The man shook his head. He looked at Carol, a faint smile even appearing on his face.

"Neither," he said. "I'm just a... fellow traveler passing by."

"Fellow traveler?" Carol frowned, completely not understanding what he was saying.

The man didn't explain further. He just slowly extended his right hand, palm open.

The next second, a similarly brilliant, similarly dazzling golden glow quietly bloomed in his palm. The fluctuation of that energy, the pure aura originating from the Tesseract, was identical to the surging power within Carol. The only difference was that the energy sphere in his hand was as stable as a miniature star, while the energy within Carol was like a supernova about to explode, violent and uncontrolled.

The moment she saw that energy, Carol's pupils suddenly constricted to the extreme. For the first time, her face showed an expression of unparalleled shock.

How could this be?!

How could there be a second person in this World with the exact same power as her?!

In her mind, the memories forcibly implanted by the Kree, the claims that she was a unique, super-powered hero blessed with power, collapsed at this moment, accompanied by the light before her.

Just as the two homologous cosmic energy bodies confronted each other, their powers creating an increasingly strong resonance in the air.

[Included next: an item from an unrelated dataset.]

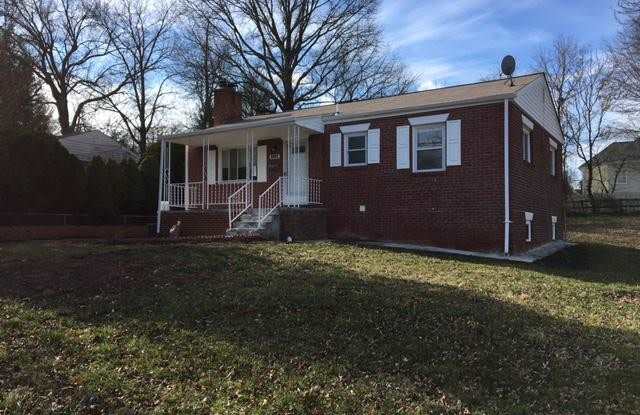 3802 RICHARD AVENUE Gallery 2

In the deepest part of Chu Hang's consciousness, the gray panel that had been dormant for six years suddenly flickered violently.

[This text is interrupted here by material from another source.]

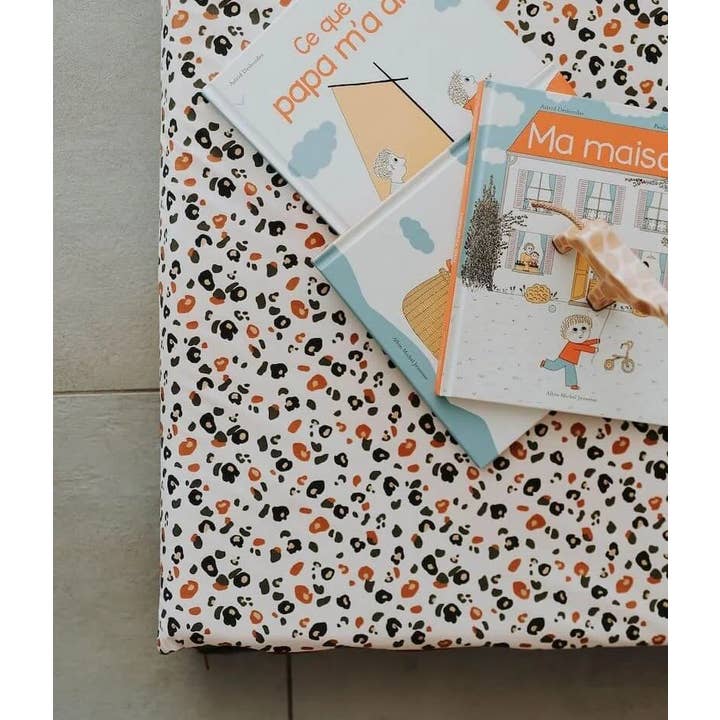Manufacture des bébés français - Wholesale Activity Pad - Kids & Baby - Leopard waterproof motor skills mat1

[Detecting high-intensity homologous energy resonance...]

[External energy is being absorbed...]

[System energy replenishment beginning... 10%... 30%... 70%... 100%...]

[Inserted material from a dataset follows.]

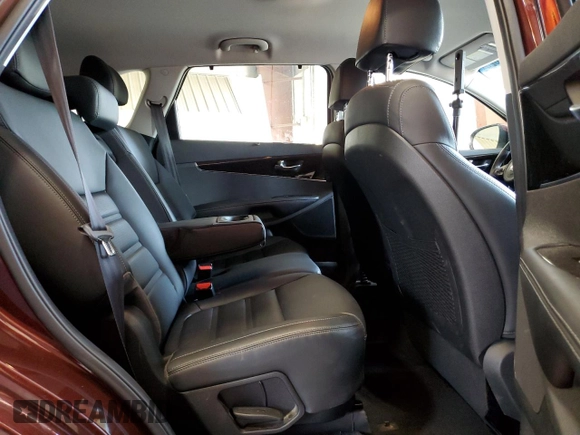 2018 Kia Sorento EX z VIN 5XYPHDA53JG395215, wystawiony jako Copart lot #63330825 z przebiegiem 71 799 mil mil oraz Szkoda całkowita • Salvage title. Historia ofert i sprzedaży dostępna na DreamBid. Obrazek 11.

[Energy replenishment complete...]

[Restarting system core module...]

A cool and familiar data stream, like a refreshing spring after a long drought, flowed back into his mind. The feeling of reconnecting with the entire World made him almost groan in pleasure.

[Restart successful.]

A clear, emotionless electronic voice rang distinctly in his mind.

[[superpower copier]] is back online.

[Newbie protection period has ended.]

[New function module unlocked: Ability Analysis.]

[Current copy target locked: Carol Danvers.]

[Target detected with multiple abilities. Please select the options to copy:]

[1. Twin Star Form (Cosmic Energy Manipulation)]

[2. Super Strength (Energy Amplified Version)]

[3. Super Durability (Energy Amplified Version)]

[4. Flight Ability]

[5. Energy Absorption and Release]

Instantly, a long string of clear options, like a lavish menu, appeared distinctly in Chu Hang's consciousness.

Chu Hang looked at Carol Danvers, who was still utterly shocked and unable to extricate herself, and the smile on his face became even more playful.

Six years.

Finally, he could open for business again.

And this time, the opening was a feast.